It’s no secret, write Banerjee and Duflo (co-authors: Poor Economics: A Radical Rethinking of the Way To Fight Global Poverty, 2011), that “we seem to have fallen on hard times.” Immigration, trade, inequality, and taxation problems present themselves daily, and they seem to be intractable. Economics can be put to use in figuring out these big-issue questions. Data can be adduced, for example, to answer the question of whether immigration tends to suppress wages. The answer: “There is no evidence low-skilled migration to rich countries drives wage and employment down for the natives.” In fact, it opens up opportunities for those natives by freeing them to look for better work. The problem becomes thornier when it comes to the matter of free trade; as the authors observe, “left-behind people live in left-behind places,” which explains why regional poverty descended on Appalachia when so many manufacturing jobs left for China in the age of globalism, leaving behind not just left-behind people but also people ripe for exploitation by nationalist politicians.

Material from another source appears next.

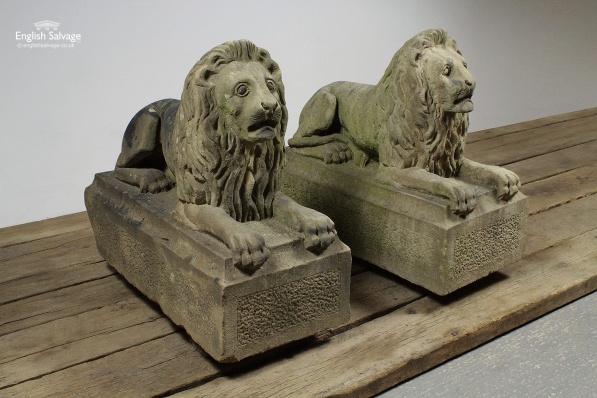 Antique 19th Century Pair of Stone Lions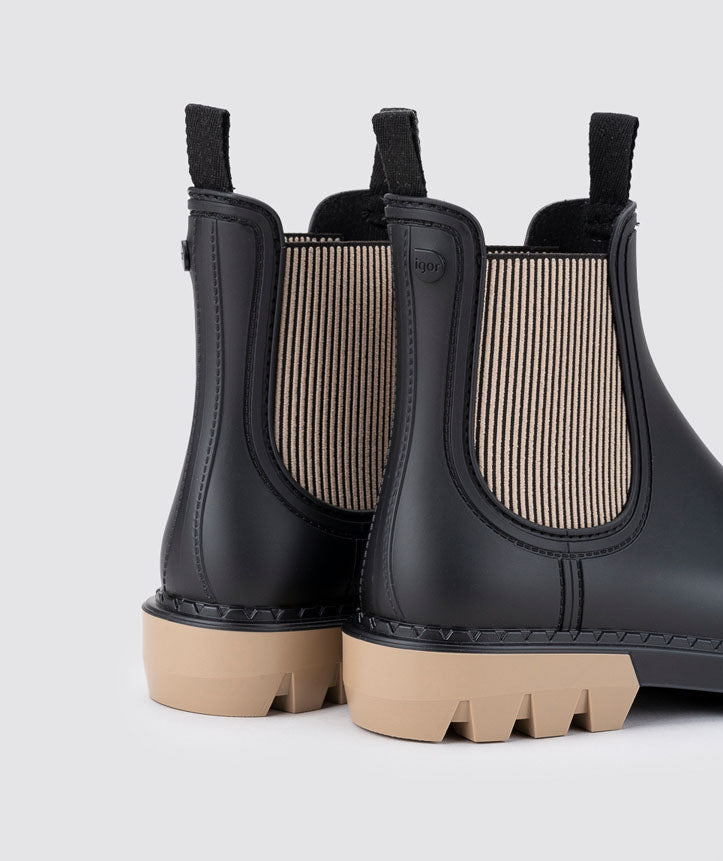 Igor Rock Bicolor Black Beige naisten kumisaappaat takaa kaksivärinen design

The authors add, interestingly, that the same thing occurred in parts of Germany, Spain, and Norway that fell victim to the “China shock.” In what they call a “slightly technical aside,” they build a case for addressing trade issues not with trade wars but with consumption taxes: “It makes no sense to ask agricultural workers to lose their jobs just so steelworkers can keep theirs, which is what tariffs accomplish.” Policymakers might want to consider such counsel, especially when it is coupled with the observation that free trade benefits workers in poor countries but punishes workers in rich ones.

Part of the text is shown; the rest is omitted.